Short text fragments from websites
- - - - -

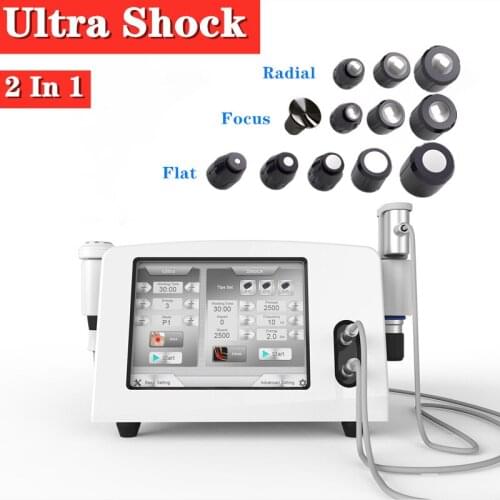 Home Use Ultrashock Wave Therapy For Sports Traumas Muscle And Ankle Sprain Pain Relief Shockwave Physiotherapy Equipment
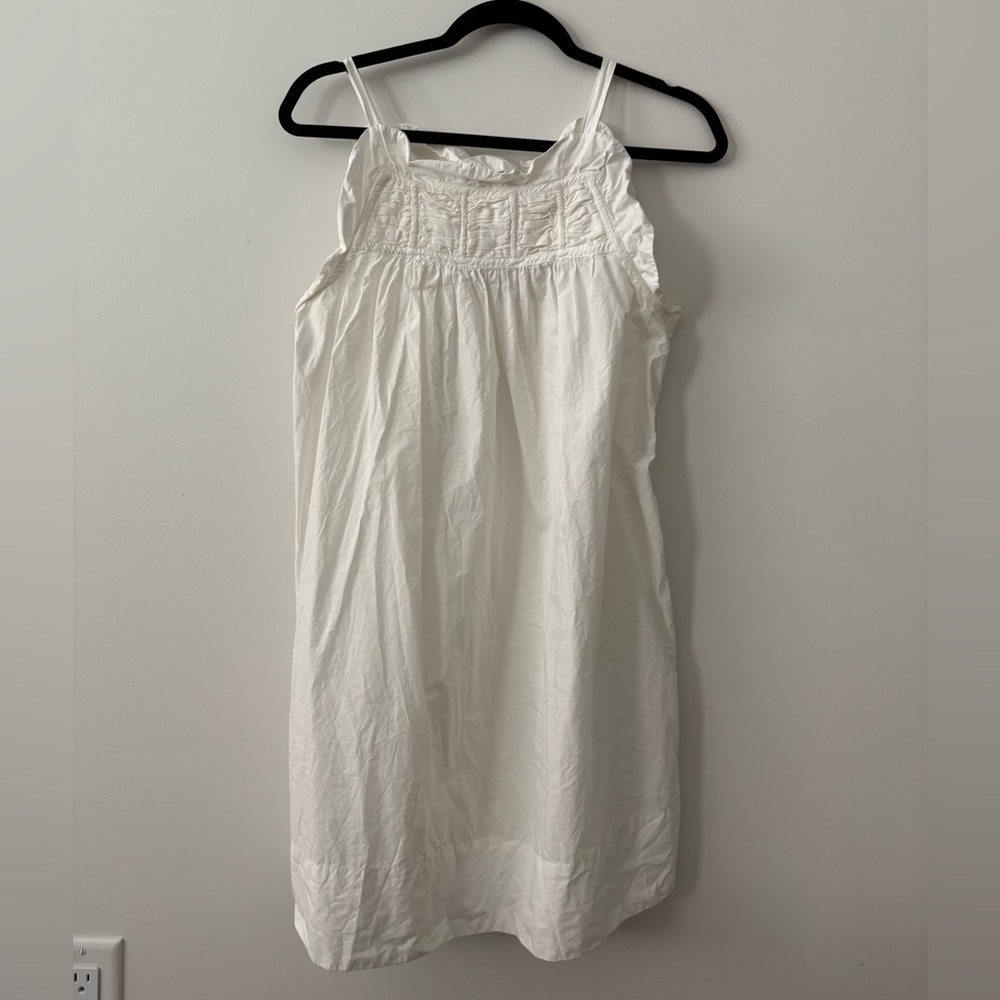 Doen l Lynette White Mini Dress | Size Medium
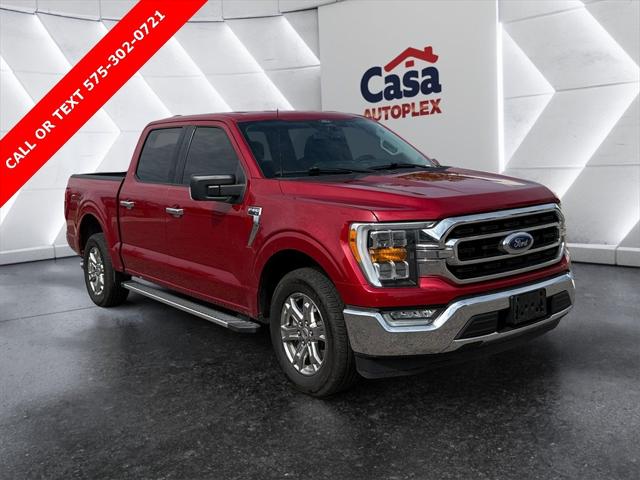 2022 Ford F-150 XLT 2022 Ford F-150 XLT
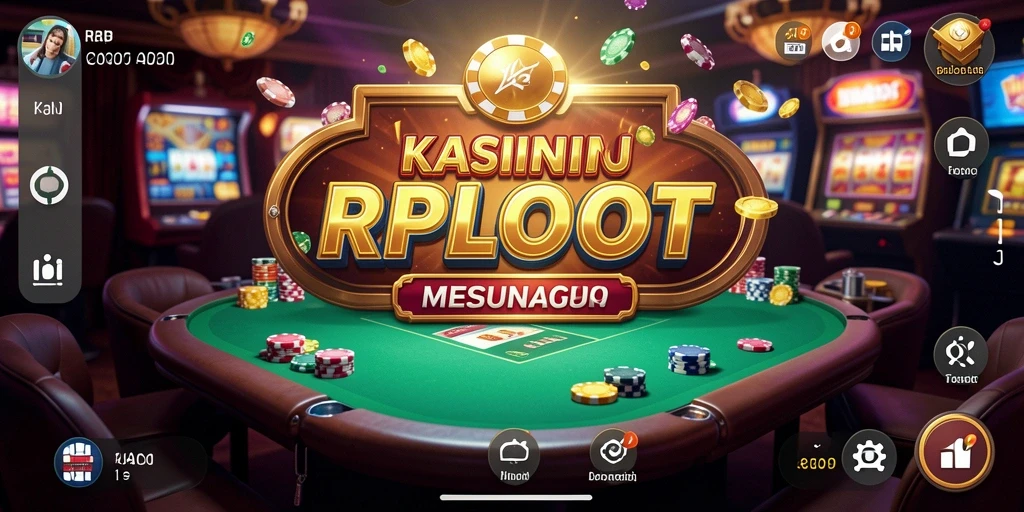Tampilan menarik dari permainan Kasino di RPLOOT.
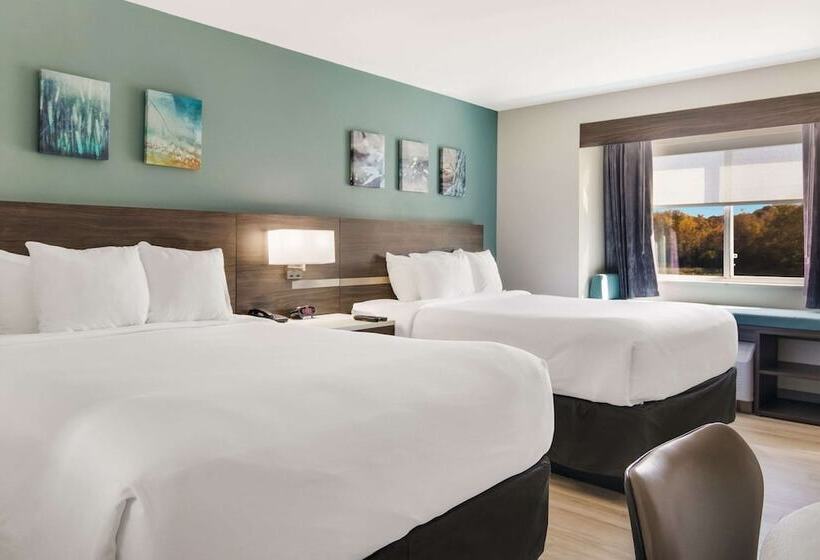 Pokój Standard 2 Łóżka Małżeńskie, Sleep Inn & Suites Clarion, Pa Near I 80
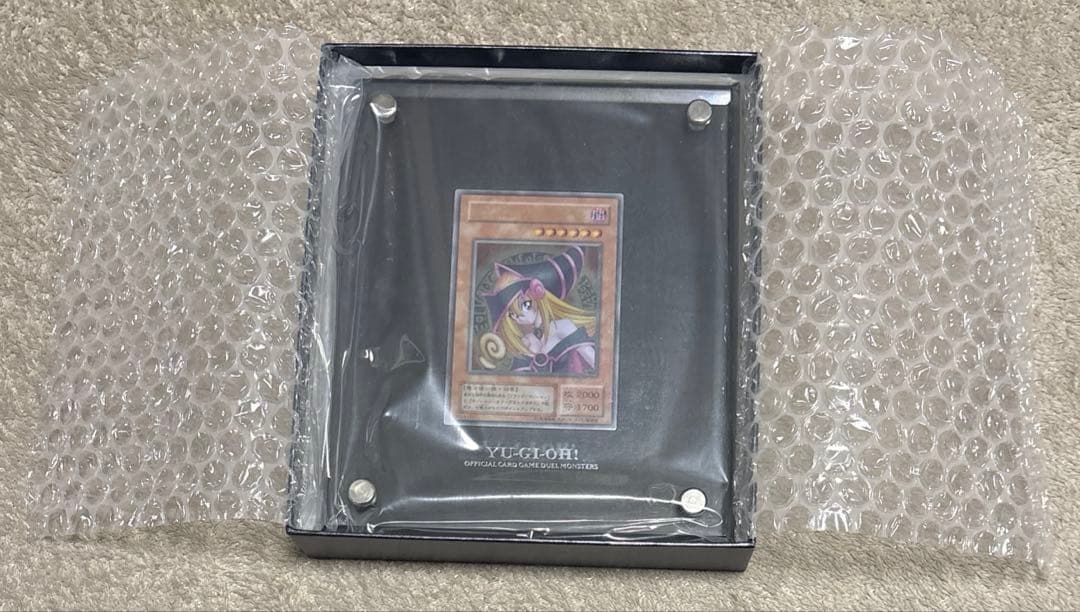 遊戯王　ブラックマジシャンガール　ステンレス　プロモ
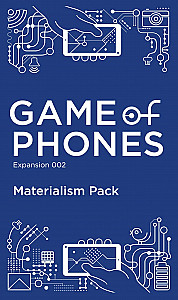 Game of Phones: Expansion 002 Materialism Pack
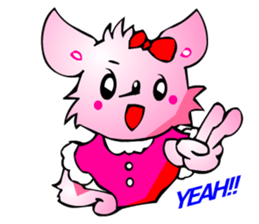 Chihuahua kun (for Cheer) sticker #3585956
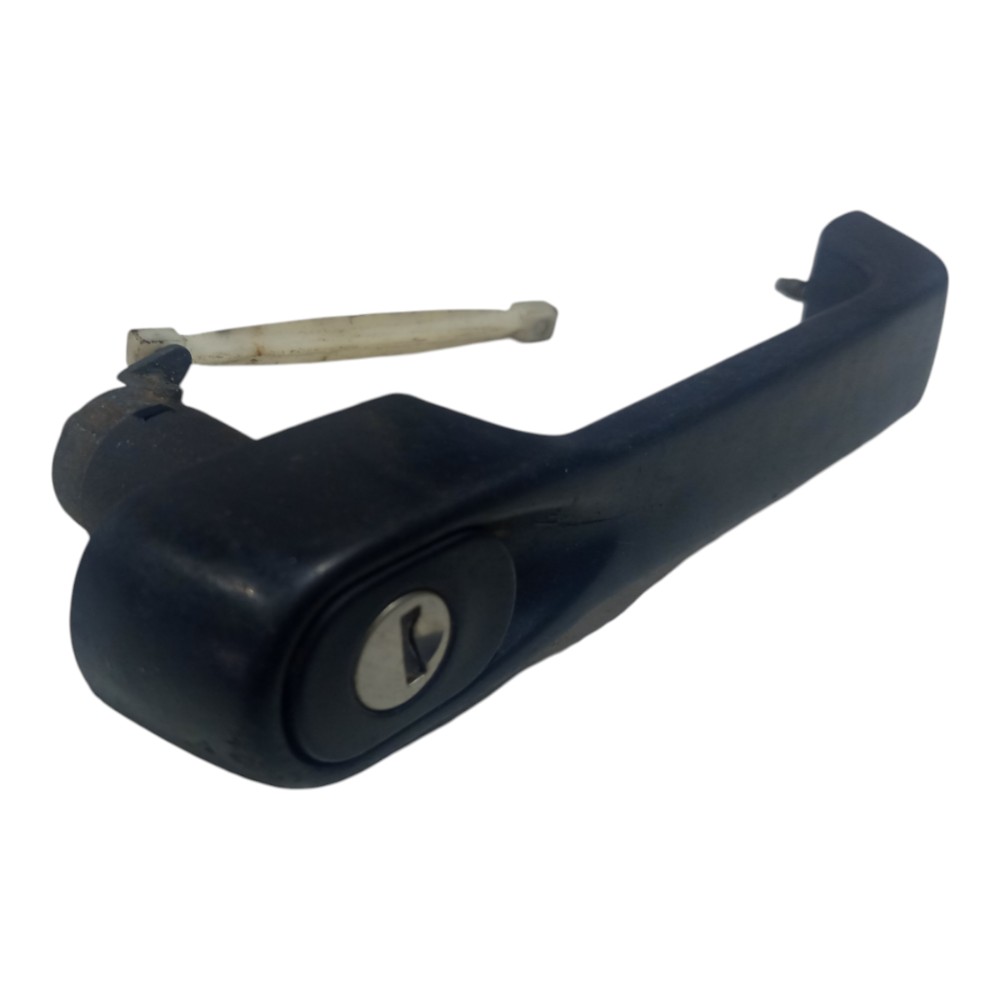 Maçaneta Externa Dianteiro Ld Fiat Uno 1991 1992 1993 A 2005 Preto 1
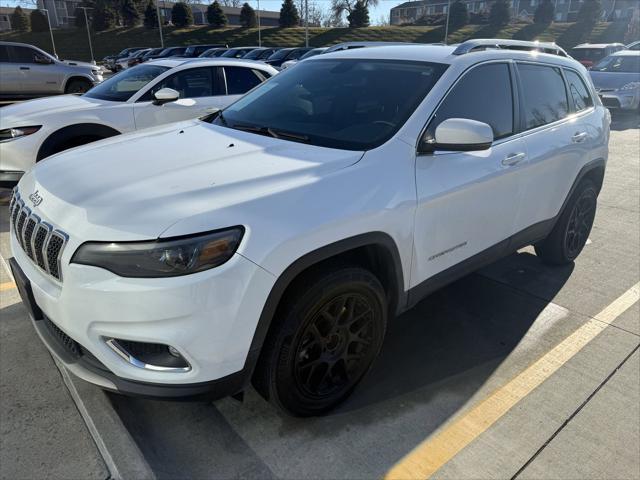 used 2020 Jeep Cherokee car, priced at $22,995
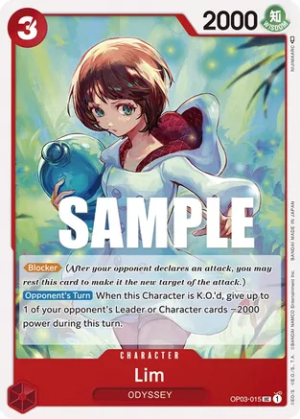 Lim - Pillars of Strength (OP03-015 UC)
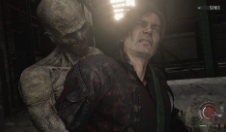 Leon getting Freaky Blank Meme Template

- - - - -

EXERCISE: Reproduce every record verbatim, please. Omit the images.

ANSWER BOX:
 Home Use Ultrashock Wave Therapy For Sports Traumas Muscle And Ankle Sprain Pain Relief Shockwave Physiotherapy Equipment
 Doen l Lynette White Mini Dress | Size Medium
 2022 Ford F-150 XLT 2022 Ford F-150 XLT
Tampilan menarik dari permainan Kasino di RPLOOT.
 Pokój Standard 2 Łóżka Małżeńskie, Sleep Inn & Suites Clarion, Pa Near I 80
 遊戯王　ブラックマジシャンガール　ステンレス　プロモ
 Game of Phones: Expansion 002 Materialism Pack
 Chihuahua kun (for Cheer) sticker #3585956
 Maçaneta Externa Dianteiro Ld Fiat Uno 1991 1992 1993 A 2005 Preto 1
 used 2020 Jeep Cherokee car, priced at $22,995
 Lim - Pillars of Strength (OP03-015 UC)
 Leon getting Freaky Blank Meme Template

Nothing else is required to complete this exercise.